I’m sure that a number of you who have read the Beaver Countian or will read the Beaver Countian are expecting a response in regards to the comments by Wayne Kress. Well, you will see no response, at least not publicly. I am not going to dignify the undignified and irresponsible comments made. When John Paul called me yesterday evening for comments and told me that Wayne Kress had already comments, without even knowing what he said, my response was that I respect his opinion but I have mine. I do not need a newspaper article to hide behind. If I have an issue, I contact the person with whom I have the issue with. I will not air these views publicly.
My motivation, my background and my accomplishments speak for themselves. I am acutely aware of what the authority is of the Sheriff’s department, what they can and cannot do. However, had Mr. Kress taken the time to digest what I had to say in the Letter to the Editor, which is attached and is to be published tomorrow, it would be clear this was not an endorsement of Sheriff Guy: It was in support of the needs of law enforcement and, in this case, an organization that happened to be one with a Republican in control.
The correspondence was targeted directly towards Chairperson Egley in that there is a lack of vision in regards to the needs of our community and race relations, and with some imagination from both Egley and the Sheriff, we can utilize those resources through enhanced community relations by training and education while instituting some innovative programs to keep our children off the street, to get them working and avoid a flashpoint as we see throughout the country. I have had the occasion to speak with many of my friends in the African American community who make it very clear frustration and anxiety within the ranks of our young black children, primarily males, is increasing, and we need to be proactive.
I make no apologies for my Letter to the Editor. We have some of the best law enforcement in Western Pennsylvania, but we still have a number of municipalities with no police departments and with those that do, approximately 33 are utilizing part-time officers from one degree to another, part-time police officers. The Pennsylvania State Police as well are undermanned. My correspondence supports law enforcement, not a political figure. It questions the vision of our Beaver County Chairperson. My correspondence contains and supports everything that I believe we as Democrats are about: supporting law enforcement, the middle class, the underprivileged, inclusiveness, social justice and, when necessary, getting things done in a bi-partisan way.
Louis W. Gentile
Chairman, Beaver County Democratic Committee
*Below is a letter to the editor written by the Chairman of the Beaver County Democratic Committee
Police Community Relations
The budget controversy between Chairperson Sandie Egley and Sheriff Tony Guy is disturbing. The needs of law enforcement have never been so compelling, evidenced by the recent tragic events which have drawn national attention, provoking a visceral reaction from the African-American community challenging institutional racism versus law enforcement, insisting the burden placed on the backs of those wearing a badge is unreasonable.

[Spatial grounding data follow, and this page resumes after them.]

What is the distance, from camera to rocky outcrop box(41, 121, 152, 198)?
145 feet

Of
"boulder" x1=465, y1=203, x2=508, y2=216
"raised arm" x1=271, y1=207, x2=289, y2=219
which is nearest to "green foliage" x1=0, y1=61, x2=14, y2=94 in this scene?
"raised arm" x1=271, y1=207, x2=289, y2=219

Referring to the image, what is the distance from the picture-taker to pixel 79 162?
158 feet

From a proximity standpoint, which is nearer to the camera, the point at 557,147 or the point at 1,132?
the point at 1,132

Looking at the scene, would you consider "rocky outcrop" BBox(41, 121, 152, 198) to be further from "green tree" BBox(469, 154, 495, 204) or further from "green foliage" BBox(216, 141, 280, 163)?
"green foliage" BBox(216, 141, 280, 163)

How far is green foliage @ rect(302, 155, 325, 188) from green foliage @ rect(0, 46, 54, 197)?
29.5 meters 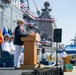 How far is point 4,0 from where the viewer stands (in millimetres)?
48531

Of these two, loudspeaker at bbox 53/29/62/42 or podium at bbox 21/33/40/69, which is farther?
loudspeaker at bbox 53/29/62/42

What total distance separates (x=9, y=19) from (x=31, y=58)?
147ft

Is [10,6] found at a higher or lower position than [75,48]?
higher

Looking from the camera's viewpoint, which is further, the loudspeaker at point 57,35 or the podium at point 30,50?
the loudspeaker at point 57,35

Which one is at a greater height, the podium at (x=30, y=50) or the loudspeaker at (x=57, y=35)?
the loudspeaker at (x=57, y=35)

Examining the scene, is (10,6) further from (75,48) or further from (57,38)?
(57,38)

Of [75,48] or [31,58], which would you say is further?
[75,48]

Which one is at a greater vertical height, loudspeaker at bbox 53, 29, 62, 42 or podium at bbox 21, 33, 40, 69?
loudspeaker at bbox 53, 29, 62, 42

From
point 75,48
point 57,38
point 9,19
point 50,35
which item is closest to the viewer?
point 57,38

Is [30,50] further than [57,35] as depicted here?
No

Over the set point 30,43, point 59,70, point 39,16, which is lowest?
point 59,70

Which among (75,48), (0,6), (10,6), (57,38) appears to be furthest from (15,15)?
(57,38)

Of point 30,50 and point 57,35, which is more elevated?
point 57,35

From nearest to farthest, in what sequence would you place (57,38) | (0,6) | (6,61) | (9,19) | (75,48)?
(6,61)
(57,38)
(75,48)
(0,6)
(9,19) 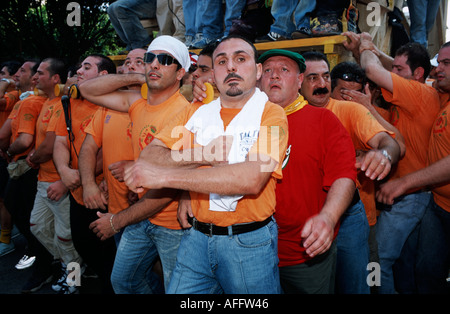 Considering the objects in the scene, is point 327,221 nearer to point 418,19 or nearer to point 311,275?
point 311,275

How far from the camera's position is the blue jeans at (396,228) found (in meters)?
3.24

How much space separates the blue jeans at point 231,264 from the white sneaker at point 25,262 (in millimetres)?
3897

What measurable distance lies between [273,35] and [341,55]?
38.8 inches

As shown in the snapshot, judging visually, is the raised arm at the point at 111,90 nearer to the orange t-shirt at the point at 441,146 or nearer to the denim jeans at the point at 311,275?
the denim jeans at the point at 311,275

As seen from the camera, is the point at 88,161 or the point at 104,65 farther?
the point at 104,65

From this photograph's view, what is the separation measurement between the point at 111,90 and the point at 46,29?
13424mm

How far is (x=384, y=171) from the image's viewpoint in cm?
212

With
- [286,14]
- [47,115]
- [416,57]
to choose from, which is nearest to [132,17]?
[47,115]

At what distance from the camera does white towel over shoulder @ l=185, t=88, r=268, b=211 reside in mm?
1937

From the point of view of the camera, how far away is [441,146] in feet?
9.75

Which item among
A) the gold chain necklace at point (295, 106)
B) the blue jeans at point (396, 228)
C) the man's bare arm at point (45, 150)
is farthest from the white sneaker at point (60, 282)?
the blue jeans at point (396, 228)

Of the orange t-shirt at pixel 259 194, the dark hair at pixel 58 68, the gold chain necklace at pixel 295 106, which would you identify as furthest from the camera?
the dark hair at pixel 58 68

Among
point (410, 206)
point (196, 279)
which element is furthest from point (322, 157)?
point (410, 206) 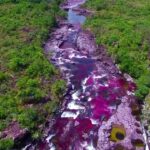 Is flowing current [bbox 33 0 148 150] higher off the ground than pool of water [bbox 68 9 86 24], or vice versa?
flowing current [bbox 33 0 148 150]

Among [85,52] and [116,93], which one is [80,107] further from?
[85,52]

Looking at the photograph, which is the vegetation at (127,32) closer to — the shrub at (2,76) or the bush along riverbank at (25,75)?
the bush along riverbank at (25,75)

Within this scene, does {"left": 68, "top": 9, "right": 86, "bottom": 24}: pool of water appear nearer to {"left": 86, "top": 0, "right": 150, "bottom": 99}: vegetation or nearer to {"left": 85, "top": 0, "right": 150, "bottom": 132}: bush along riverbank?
{"left": 85, "top": 0, "right": 150, "bottom": 132}: bush along riverbank

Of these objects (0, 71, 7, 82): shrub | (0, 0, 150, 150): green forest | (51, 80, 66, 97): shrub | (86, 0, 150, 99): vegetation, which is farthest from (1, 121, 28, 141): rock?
(86, 0, 150, 99): vegetation

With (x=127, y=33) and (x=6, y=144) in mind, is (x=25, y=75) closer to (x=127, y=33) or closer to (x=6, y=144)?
(x=6, y=144)

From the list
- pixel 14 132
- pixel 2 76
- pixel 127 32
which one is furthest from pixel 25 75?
pixel 127 32

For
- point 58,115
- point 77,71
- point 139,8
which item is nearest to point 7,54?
point 77,71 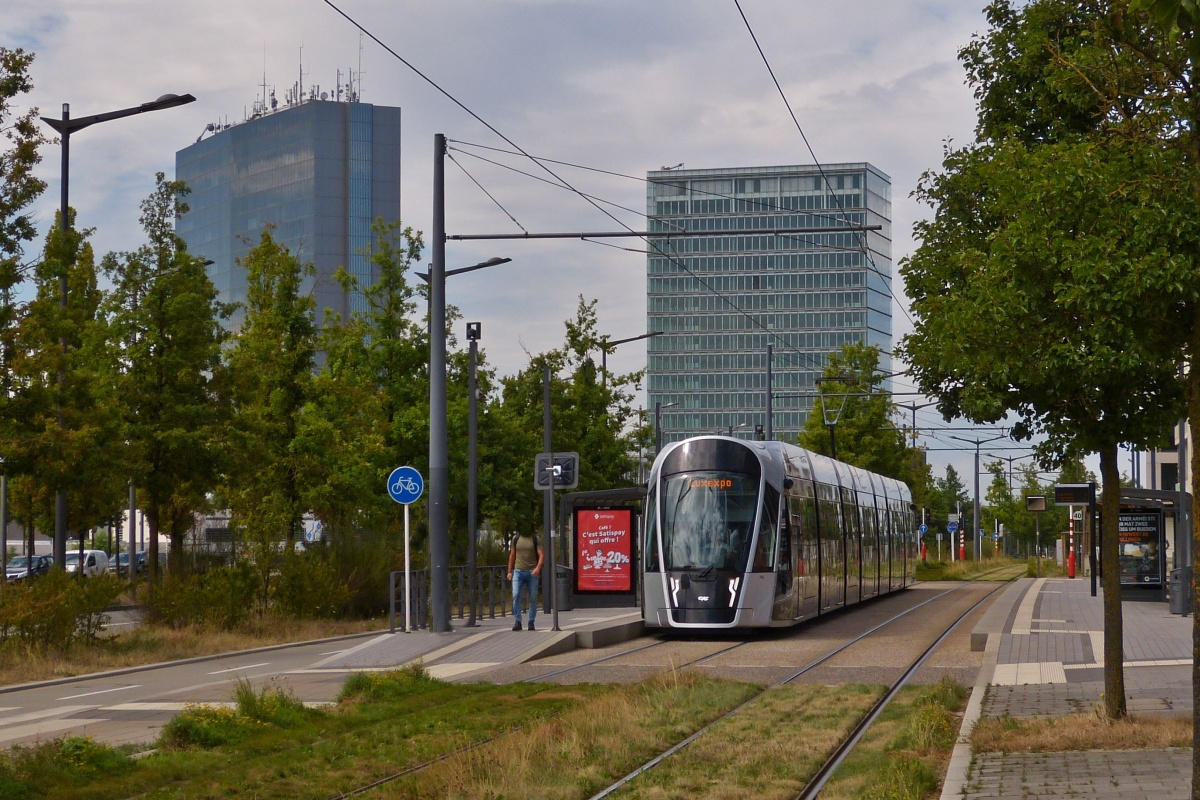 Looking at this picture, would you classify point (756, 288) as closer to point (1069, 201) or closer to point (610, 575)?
point (610, 575)

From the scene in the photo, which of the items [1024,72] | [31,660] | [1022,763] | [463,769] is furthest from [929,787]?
[31,660]

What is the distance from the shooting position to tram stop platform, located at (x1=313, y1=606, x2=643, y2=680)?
19.6 meters

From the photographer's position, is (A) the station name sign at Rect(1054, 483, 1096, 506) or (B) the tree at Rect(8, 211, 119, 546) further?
(A) the station name sign at Rect(1054, 483, 1096, 506)

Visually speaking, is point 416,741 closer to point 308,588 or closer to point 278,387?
point 308,588

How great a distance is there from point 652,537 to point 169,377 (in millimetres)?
A: 9869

The data confirms institutional racism, most of which has little to do with police. The data also supports the fact that officers do not patrol with the intention of shooting young black men: quite the contrary. However, the bridge to community relations is community policing, difficult because of the number of part-time police officers working in various municipalities. The Sheriff’s office has county wide jurisdiction and could take advantage of the opportunity for community relations programs, if given the opportunity to do so, as well as assisting departments in other matters when necessary.
Community policing is only a “bridge” to solidarity. The lack of legitimate opportunity is one of several factors fueling the discontent for all races, exacerbated by poverty, both of which need addressed with legitimate programs keeping children off the streets while mentoring towards a pathway to career opportunities. Sadly enough, many of the building trades are not even able to fill their minority quotas because of a lack of qualified applicants. Certainly Ms. Egley, “fiscal responsibility” is an issue, as is the social responsibility of supporting police and quality of life for all.